In the second case, the increased wear rate of friction members is related to the oil "running-in". This is because even if the oil is changed on ground parts, the wear rate grows and, after a while, it declines and becomes stable. This effect is related to the presence of fine particles of combustion and wear products (metals). In certain concentrations, these mechanical impurities reduce the wear rate ("usable oil") and, if concentration grows, they increase it. "Clean" oil doesn't contain such particles (except for a range of oils, where these particles are added in advance), that is why the wear rate increases. So, don't change oil too often. Actually, the oil life (mileage) up to the limit state of oil depends on the engine condition and operating modes, oil and fuel quality and varies from 1 to 20k km.
WHY Atomium COMPOUNDS INCREASE OIL LIFE?
There are means that help to prolong oil life, they are the so-called Atomium technologies.
Tribotecnical compounds Atomium comprise a series of smart lubricating compositions that belong to a group of friction geo-modifiers and are designed to restore, protect and prolong the operational life of actuators, internal combustion engines, gear boxes and other units and components of vehicles.
The compounds Atomium are not an additive to a lubricant, because they don't improve its characteristic but they do interreact directly with metal surfaces of contact areas (frictional areas) of component and actuator parts. Lubricating compositions Atomium help the system "friction pair – lubricant" (for example, piston ring – bushing, stub shaft – bearing lining, etc.) to move to a new level of power balance; they are a catalyst or initiator of the adaptation process of the system "friction pair – lubricant".

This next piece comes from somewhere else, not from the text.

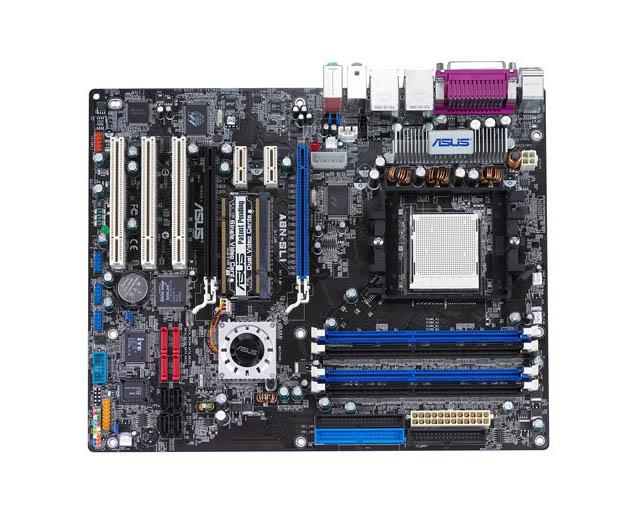 M4L-80016668 ASUS A8N-SLI/A8N-SLI Deluxe/A8N-SLI Premium Motherboards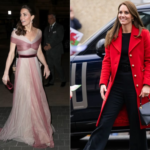 How to Recreate Kate Middleton’s Timeless Valentine’s Day Outfits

After the engine treatment using the Atomium technology, the oil change period increases mostly due to two factors: 1. Compression recovery, its equilibration on cylinders and reduced oil burning result in the optimization of the fuel combustion process, which leads to reduced carbon deposition and lower rates of increase in mechanical impurities.
2. The increased gas tightness of the cylinder-piston group leads to reduced intensity of oil oxidation and thus, to a reduced base number decline rate.
To evaluate the efficiency of the Atomium technology every auto enthusiast can test his or her motor oil using rapid tests. They should be performed on a certain mileage stage after the oil change first before the engine treatment and then (on the same mileage stage) after the engine treatment using the Atomium technology. It will obvious that not only acceleration capability and economical operation of the engine improved, but also the burning oil consumption reduced and the oil became not so black.